Last week I had the privilege of viewing the documentary The Pruitt-Igoe Documentary: an Urban History. Chad Freidrichs’ four-year project masterfully incorporated failed housing policies with the lives of real people trapped inside the structural demons of race and poverty. 

I most liked the emotional stories by former residents like Sylvester Brown Jr. and Ruby Russell. Right before your eyes, you witness the beat-down of people and the systematic manipulation of their economic, political, social and psychological well-being.

The documentary provoked my thinking about Pruitt-Igoe, Laclede Town, Team Four, public policy, affordable housing, racism, poverty and urban sprawl. It seems we have learned little from the failed policies, initiatives and projects that tend to segregate people by race or class for the purpose of profit.

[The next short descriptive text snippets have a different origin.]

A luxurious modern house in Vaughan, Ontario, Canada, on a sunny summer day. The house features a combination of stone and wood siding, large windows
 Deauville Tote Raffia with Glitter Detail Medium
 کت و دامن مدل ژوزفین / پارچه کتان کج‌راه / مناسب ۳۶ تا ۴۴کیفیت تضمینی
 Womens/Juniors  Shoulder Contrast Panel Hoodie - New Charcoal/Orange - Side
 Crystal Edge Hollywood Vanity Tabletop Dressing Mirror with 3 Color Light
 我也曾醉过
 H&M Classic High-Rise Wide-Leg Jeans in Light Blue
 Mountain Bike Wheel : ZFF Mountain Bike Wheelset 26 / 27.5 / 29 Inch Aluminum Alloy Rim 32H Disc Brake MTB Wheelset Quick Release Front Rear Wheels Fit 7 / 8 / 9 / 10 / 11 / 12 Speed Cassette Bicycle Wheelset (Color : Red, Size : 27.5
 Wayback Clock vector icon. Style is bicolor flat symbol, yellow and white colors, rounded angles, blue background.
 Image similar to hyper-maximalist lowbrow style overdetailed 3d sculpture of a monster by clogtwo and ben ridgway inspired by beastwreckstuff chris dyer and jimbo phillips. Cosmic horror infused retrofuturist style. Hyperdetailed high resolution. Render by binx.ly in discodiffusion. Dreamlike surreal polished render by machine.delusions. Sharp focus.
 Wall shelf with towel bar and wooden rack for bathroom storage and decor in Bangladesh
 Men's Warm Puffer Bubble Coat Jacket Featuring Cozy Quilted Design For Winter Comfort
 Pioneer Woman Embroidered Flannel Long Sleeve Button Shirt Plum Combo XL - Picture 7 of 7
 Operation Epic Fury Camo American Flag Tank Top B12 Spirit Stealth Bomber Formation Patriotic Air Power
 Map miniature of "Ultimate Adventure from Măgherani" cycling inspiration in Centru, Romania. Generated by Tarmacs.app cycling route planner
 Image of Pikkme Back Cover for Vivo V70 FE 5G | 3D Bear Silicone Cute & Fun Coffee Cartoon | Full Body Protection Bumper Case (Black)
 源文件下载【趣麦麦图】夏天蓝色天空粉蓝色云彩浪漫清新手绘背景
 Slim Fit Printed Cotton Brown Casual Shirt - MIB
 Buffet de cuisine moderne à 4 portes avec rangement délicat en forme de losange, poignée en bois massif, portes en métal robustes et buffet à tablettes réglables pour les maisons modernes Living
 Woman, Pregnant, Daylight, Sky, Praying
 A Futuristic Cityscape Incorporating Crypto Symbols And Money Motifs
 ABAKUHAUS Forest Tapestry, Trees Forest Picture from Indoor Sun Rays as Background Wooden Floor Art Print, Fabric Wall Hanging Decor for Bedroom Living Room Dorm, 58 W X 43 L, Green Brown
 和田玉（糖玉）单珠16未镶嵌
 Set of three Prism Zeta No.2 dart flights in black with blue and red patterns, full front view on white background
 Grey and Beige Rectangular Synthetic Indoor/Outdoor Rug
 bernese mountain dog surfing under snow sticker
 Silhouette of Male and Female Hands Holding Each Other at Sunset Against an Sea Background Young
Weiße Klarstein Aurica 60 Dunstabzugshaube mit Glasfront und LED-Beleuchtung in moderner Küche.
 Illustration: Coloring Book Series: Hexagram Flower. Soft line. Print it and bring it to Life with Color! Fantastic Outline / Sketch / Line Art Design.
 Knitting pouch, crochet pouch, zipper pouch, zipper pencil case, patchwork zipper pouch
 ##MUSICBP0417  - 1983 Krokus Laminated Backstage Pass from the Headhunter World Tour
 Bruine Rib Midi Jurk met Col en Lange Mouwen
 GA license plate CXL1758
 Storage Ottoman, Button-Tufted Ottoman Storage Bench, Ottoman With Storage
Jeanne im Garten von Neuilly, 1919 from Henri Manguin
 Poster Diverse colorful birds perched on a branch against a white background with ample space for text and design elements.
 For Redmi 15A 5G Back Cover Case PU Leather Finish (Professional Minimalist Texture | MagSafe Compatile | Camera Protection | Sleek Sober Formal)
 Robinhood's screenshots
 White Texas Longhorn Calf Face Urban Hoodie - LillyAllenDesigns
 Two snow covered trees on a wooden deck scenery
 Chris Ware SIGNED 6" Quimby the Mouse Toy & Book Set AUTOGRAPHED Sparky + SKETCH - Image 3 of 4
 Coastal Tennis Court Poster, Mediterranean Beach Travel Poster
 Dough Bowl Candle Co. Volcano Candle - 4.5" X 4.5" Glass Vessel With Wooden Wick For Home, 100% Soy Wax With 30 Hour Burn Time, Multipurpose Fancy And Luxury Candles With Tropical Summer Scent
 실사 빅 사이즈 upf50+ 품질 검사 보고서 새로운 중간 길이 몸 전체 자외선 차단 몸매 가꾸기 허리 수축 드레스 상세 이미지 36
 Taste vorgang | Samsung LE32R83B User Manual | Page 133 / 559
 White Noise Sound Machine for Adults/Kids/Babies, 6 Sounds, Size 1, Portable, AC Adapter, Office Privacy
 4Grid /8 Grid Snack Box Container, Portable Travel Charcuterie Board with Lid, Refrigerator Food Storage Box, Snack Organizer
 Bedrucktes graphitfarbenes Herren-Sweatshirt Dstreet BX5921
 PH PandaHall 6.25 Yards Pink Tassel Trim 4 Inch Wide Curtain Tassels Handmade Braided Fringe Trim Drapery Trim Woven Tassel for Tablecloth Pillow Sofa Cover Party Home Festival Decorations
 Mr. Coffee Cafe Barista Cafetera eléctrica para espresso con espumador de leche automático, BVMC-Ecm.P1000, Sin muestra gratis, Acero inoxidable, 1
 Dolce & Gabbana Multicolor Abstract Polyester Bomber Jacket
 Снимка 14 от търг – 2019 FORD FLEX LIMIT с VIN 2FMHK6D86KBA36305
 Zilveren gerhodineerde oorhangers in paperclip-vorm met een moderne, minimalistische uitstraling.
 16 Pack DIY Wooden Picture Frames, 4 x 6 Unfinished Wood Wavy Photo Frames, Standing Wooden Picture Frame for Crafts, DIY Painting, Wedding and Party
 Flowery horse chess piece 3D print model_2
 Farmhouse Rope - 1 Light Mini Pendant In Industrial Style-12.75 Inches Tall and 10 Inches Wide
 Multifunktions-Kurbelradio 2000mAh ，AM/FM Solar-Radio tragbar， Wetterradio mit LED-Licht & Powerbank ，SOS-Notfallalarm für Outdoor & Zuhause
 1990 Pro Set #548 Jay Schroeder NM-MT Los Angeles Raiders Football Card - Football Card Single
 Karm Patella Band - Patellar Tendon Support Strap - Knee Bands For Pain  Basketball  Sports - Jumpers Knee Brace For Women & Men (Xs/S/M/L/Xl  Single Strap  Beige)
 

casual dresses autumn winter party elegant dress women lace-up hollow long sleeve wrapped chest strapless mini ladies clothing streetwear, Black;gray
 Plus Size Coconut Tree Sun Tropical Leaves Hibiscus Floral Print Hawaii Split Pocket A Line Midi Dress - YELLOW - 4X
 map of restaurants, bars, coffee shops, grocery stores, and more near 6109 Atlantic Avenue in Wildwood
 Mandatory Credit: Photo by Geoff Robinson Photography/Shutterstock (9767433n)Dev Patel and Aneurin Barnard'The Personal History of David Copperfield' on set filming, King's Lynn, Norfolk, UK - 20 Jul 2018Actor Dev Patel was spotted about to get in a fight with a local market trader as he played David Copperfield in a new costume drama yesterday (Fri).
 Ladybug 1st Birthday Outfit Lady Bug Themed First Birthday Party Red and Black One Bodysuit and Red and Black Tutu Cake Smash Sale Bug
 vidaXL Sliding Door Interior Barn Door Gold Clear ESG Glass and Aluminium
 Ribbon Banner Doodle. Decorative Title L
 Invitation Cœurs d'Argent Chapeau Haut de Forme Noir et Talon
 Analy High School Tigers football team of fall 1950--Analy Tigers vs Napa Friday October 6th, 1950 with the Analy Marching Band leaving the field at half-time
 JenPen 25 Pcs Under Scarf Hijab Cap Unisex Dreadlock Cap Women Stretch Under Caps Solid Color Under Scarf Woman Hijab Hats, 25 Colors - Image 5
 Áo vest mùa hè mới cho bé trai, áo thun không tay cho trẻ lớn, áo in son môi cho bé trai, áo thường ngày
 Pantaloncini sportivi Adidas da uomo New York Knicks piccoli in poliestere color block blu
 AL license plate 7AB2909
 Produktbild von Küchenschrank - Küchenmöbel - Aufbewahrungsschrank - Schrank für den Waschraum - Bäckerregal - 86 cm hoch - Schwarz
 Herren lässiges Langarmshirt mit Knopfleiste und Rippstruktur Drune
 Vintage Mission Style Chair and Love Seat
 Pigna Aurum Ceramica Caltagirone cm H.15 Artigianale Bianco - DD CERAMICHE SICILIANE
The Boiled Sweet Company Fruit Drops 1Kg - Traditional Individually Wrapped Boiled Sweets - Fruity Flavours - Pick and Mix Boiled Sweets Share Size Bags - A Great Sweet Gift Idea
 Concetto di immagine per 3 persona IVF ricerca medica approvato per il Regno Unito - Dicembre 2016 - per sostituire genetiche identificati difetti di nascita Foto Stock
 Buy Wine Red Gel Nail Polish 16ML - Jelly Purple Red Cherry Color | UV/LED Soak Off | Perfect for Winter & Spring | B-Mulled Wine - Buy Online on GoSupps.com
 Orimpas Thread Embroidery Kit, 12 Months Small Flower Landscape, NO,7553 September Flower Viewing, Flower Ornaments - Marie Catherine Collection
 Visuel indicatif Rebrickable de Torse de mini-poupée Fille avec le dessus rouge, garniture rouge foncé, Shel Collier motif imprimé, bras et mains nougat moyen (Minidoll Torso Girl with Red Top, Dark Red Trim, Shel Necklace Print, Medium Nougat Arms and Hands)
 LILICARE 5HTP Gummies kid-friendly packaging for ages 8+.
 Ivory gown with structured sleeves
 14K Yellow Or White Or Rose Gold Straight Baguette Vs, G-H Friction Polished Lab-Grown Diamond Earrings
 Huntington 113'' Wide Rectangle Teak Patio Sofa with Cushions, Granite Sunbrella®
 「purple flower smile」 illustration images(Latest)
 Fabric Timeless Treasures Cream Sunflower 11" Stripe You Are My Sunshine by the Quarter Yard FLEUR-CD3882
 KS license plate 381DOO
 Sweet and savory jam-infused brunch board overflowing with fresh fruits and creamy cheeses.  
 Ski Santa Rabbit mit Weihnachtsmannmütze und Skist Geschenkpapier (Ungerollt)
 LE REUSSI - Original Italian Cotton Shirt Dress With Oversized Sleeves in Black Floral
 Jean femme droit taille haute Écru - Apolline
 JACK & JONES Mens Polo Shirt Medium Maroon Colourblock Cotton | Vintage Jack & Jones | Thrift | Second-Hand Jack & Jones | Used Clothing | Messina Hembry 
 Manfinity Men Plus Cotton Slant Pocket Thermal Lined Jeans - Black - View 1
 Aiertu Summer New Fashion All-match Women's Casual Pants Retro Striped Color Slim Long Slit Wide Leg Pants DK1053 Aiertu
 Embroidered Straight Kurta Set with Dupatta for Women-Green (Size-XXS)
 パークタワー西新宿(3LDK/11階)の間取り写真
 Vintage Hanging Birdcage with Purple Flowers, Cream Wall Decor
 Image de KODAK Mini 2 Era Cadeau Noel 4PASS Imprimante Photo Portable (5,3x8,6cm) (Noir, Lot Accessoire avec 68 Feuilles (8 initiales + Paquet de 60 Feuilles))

When I accuse St. Louis city planners of being racist, creatively-challenged and backward in their vision about urban living, it is not without a history of tangible, damning consequences. I truly understand the complexities cities face, but the intentional moves that are shrouded in race have cost us dearly in dollars, resources, human potential and lives.

Racism causes people to act irrationally, even against their own self-interests. It is a behavioral response that profiteers have counted on for generations. During the days of segregation, realtors played on the fears of white people by steering them into certain neighborhoods to get away from black or poor people who also had been steered towards targeted neighborhoods. We are all pawns in the big game of capital.

But what happened in St. Louis when the steering began to hit walls? White people moved to the suburbs during the 1950s and 1960s. During the oil crisis of the 1970s, some white suburbanites returned to the city, displacing some of the very same black citizens they ran from 10 or 20 years prior. Others moved further west, trying to avoid new upwardly mobile African Americans, who had created the phenomenon of black flight.

These fleeing people are the perpetrators of urban sprawl, created by planners and developers who ring the race bell to summon those with the resources to satisfy an upgrade of the American Dream. The irony is that there is nothing planned about urban sprawl. It shifts people to low-density areas outside of cities under the guise of choice.

Criticism of urban sprawl has been building for years, but it’s intensifying with yet another energy crisis and a new focus on our destruction of the environment. Urban sprawl brings with it higher per capita costs for energy, land and water. It requires the use of cars to travel because people have to drive to get to any place they need to go. It puts an overall drain on resources (especially fuel for transportation), has a negative impact on the environment and results in urban decline. Further problems include inefficient delivery of citizen services and ill-conceived infrastructures.

We all pay the high price for the individualistic actions of urban sprawlers to live in a house on several acres with two or more vehicles in the driveway.

Unless cities innovatively deal with issues of affordable housing, job creation, quality schools and the permeating effects of race and poverty, we cannot have sustainable living areas. To do so requires the seemingly undesirable task of working together to develop a plan that guarantees quality of life for all citizens, promotes the sharing of political and economic power, and makes an ecological commitment to future generations.

In St. Louis, the ghosts of Pruitt-Igoe swirl around City Hall, St. Louis Development Corporation, the Community Development Association and other entities responsible for land use plans. Those ghosts are crying to be put to rest. It is easy to ignore the past and to concentrate on accommodating those with the money. Those people who have been labeled “worthless” while their neighborhoods are “blighted” will still be here. We will always fight for dignity and for the right to a quality life. We will always fight for a better world.